Aussie market underperforms US by 4.8% in the quarter to 31 March

Alex PollakPress

Even before the bank-led sell off of today, the ASX 200 was doing badly. For the quarter to 31 March, it underperformed the US S&P500 by -4.8%, with the US index finishing up .8% against a fall of -4.0% locally.

In our view, the (global) weakness was not just on concerns about the companies themselves, but also because of second-line issues such as higher default rates in junk-bond portfolios and among the banks which are lenders to the resources and energy sector.

This chimes in with our longish comment piece in the Financial Review’s Boss Magazine which looked at ten Australian portfolio managers and found that they mostly held the same stocks (the aforesaid banks), and in pretty much in the same ratios.
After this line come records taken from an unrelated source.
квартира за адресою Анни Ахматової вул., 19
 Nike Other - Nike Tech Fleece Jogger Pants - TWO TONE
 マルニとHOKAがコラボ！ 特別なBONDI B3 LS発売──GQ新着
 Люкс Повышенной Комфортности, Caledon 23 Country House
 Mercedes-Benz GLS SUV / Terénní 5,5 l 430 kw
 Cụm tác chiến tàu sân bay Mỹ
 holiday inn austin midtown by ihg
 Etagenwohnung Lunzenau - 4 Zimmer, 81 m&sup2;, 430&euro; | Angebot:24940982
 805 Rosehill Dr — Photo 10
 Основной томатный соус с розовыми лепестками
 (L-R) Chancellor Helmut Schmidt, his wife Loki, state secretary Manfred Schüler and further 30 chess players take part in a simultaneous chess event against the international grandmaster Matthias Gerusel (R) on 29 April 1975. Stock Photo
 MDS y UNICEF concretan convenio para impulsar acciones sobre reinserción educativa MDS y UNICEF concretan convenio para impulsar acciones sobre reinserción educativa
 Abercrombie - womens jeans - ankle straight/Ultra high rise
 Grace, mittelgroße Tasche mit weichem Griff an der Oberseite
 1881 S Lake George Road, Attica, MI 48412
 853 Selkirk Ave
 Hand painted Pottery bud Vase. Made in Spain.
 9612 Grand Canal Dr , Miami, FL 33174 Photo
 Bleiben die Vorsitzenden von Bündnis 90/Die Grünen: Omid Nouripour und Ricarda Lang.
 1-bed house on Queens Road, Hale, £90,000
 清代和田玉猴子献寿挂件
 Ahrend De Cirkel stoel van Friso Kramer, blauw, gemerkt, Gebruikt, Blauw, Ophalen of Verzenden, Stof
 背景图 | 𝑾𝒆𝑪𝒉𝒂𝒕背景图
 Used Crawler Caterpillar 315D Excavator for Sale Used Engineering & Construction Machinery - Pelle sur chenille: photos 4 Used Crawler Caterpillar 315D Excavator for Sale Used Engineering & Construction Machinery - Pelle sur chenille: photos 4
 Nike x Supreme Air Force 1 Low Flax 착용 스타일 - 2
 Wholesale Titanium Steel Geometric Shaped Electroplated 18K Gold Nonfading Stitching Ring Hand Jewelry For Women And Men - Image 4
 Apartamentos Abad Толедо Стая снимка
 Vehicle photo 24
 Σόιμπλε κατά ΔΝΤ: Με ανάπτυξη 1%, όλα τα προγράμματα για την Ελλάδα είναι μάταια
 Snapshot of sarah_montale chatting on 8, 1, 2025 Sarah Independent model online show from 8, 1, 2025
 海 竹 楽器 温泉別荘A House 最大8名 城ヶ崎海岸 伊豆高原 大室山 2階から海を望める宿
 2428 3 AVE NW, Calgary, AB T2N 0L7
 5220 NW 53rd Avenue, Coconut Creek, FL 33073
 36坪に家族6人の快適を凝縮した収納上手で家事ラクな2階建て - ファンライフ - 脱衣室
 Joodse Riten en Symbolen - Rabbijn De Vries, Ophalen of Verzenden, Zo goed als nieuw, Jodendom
There is nothing necessarily wrong with this, but the very high concentration there and in resources stocks might not be the best bet for the coming few years (even after the poor performance to date).

Separately, we noted the strength in Google’s numbers (they are still growing like a foal unicorn) in a piece on Livewire. Quarterly consolidated revenue was up 24% in constant currency to US$21b. Operating profit was US$6.7b – up 55% from US$4.36b (excluding the moonshots).

Whatever the case there, our portfolio had a much better few weeks, and if the US dollar improves it will now be within striking distance of the highs of last year. So it looks like the worst is behind for us, for a time anyway.